How Amstrad CPC BASIC Compresses Error Messages

Amstrad CPC BASIC saves a few bytes by using some interesting compression in the way it stores error messages. Let’s take a look at how it works and how much space it saves.

Below is the table of error messages. The messages are stored in what I refer to as ASCII7 format – bit 7 of the last character is set.1 That accounts for the ‘+$80’ at the end of every string. That’s a standard way of storing ASCII strings and not of note.

error_message_full_list:
        defb $1a,$15+$80          ;$00 "Unknown error"
        defb $1d,$12+$80          ;$01 "Unexpected NEXT"
        defb "Syntax",$15+$80     ;$02 "Syntax error"
        defb $1d,"RETUR","N"+$80  ;$03 "Unexpected RETURN"
        defb "DATA ",$03,"haus",$0a+$80;$04 "DATA exhausted"
        defb "Impro",$00,"r argu",$09,"t"+$80;$05 "Improper argument"
;;=overflow message
overflow_message:
        defb "Ov",$02,"flo","w"+$80;$06 "Overflow"
        defb "Memory",$14+$80     ;$07 "Memory full"
        defb $11,"does ",$0e,$03,"is","t"+$80;$08 "Line does not exist"
        defb "Subscrip",$08,"u",$08,"f ",$07,"g","e"+$80;$09 "Subscript out of range"
        defb "Array ",$1c,"di",$09,"s",$04,"e","d"+$80;$0a "Array already dimensioned"
;;=division by zero message
division_by_zero_message:
        defb "Divi",$13,"by z",$02,"o"+$80;$0b "Division by zero"
        defb "Invalid d",$1e+$80  ;$0c "Invalid direct command"
        defb "Ty",$00,$10,"matc","h"+$80;$0d "Type mismatch"
        defb $17,"space",$14+$80  ;$0e "String space full"
        defb $17,$1b+$80          ;$0f "String too long"
        defb $17,$03,"pres",$13,$0f,$06,"pl",$03+$80;$10 "String expression too complex"
        defb "Can",$0e,"CONT",$01,"u","e"+$80;$11 "Cannot CONTinue"
        defb $1a," us",$02,$05,"nct",$04+$80;$12 "Unknown user function"
        defb $16,$19+$80          ;$13 "RESUME missing"
        defb $1d,$16+$80          ;$14 "Unexpected RESUME"
        defb "D",$1e," foun","d"+$80;$15 "Direct command found"
        defb "O",$00,$07,"d",$19+$80;$16 "Operand missing"
        defb $11,$1b+$80          ;$17 "Line too long"
        defb "EOF me","t"+$80     ;$18 "EOF met"
        defb $0d,"ty",$00,$15+$80 ;$19 "File type error"
        defb $12,$19+$80          ;$1a "NEXT missing"
        defb $0d,$1c,$0c+$80      ;$1b "File already open"
        defb $1a,$18+$80          ;$1c "Unknown command"
        defb $0b,$19+$80          ;$1d "WEND missing"
        defb $1d,$0b+$80          ;$1e "Unexpected WEND"
        defb $0d,$0e,$0c+$80      ;(WAS WRONG!!)$1f "File not open"
        defb "Broken ",$01+$80    ;(WAS WRONG!!)$20 "Broken in" (user terminated a cassette/disc operation?)

Partials

You’ll notice a slight lack of ASCII characters and but a lot of values less than $20 (decimal 32, ASCII for a space)2. These are indexes into a table of partials (or substrings if you prefer).
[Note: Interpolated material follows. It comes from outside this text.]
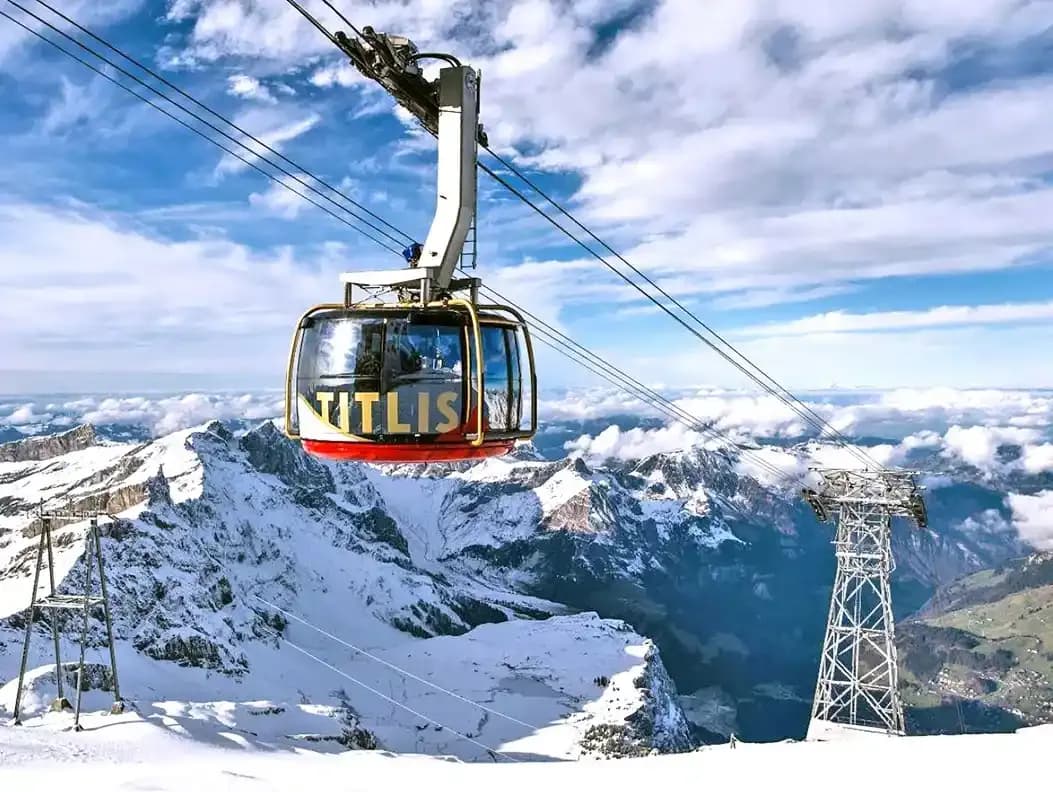 Lucerne - Mt Titlis - Lucerne | Switzerland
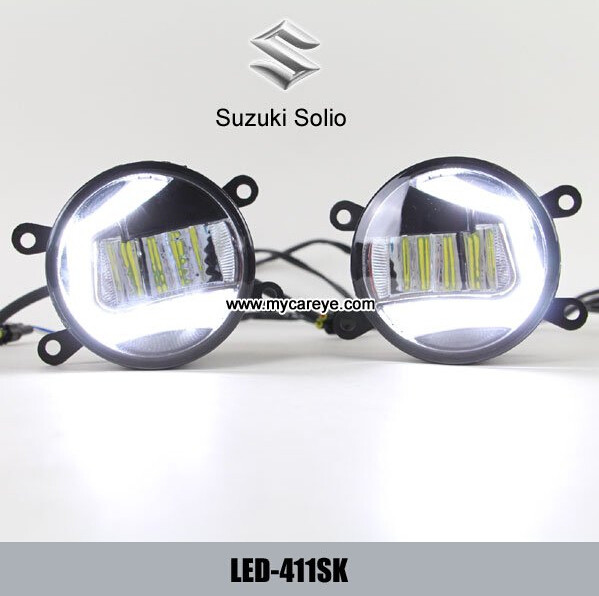 Suzuki Solio special LED Daytime Running Light DRL front Fog Lamp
When a partial is referenced it’s value is substituted for the partial number. Some of the partials reference other partials, allowing partials to be used recursively within other partials. The partials list is as follows,

error_message_partials_list:
        defb "p","e"+$80          ;$00 "pe"
        defb "i","n"+$80          ;$01 "in"
        defb "e","r"+$80          ;$02 "er"
        defb "e","x"+$80          ;$03 "ex"
        defb "io","n"+$80         ;$04 "ion"
        defb " f","u"+$80         ;$05 " fu"
        defb "co","m"+$80         ;$06 "com"
        defb "ra","n"+$80         ;$07 "ran"
        defb "t ","o"+$80         ;$08 "t o"
        defb "me","n"+$80         ;$09 "men"
        defb "te","d"+$80         ;$0a "ted"
        defb "WEN","D"+$80        ;$0b "WEND"
        defb "o",$00,"n"+$80      ;$0c "open"
        defb "File"," "+$80       ;$0d "File "
        defb "not"," "+$80        ;$0e "not "
        defb "too"," "+$80        ;$0f "too "
        defb " mi","s"+$80        ;$10 " mis"
        defb "L",$01,"e"," "+$80  ;$11 "Line "
        defb "NEX","T"+$80        ;$12 "NEXT"
        defb "s",$04," "+$80      ;$13 "sion "
        defb $05,"l","l"+$80      ;$14 " full"
        defb " ",$02,"ro","r"+$80 ;$15 " error"
        defb "RESUM","E"+$80      ;$16 "RESUME"
        defb "Str",$01,"g"," "+$80;$17 "String "
        defb " ",$06,"man","d"+$80;$18 " command"
        defb $10,"s",$01,"g"+$80  ;$19 " missing"
        defb "Unknow","n"+$80     ;$1a "Unknown"
        defb $0f,"lon","g"+$80    ;$1b "too long"
        defb "already"," "+$80    ;$1c "already "
        defb "Un",$03,"pec",$0a," "+$80;$1d "Unexpected "
        defb "irect",$18+$80      ;$1e "irect command"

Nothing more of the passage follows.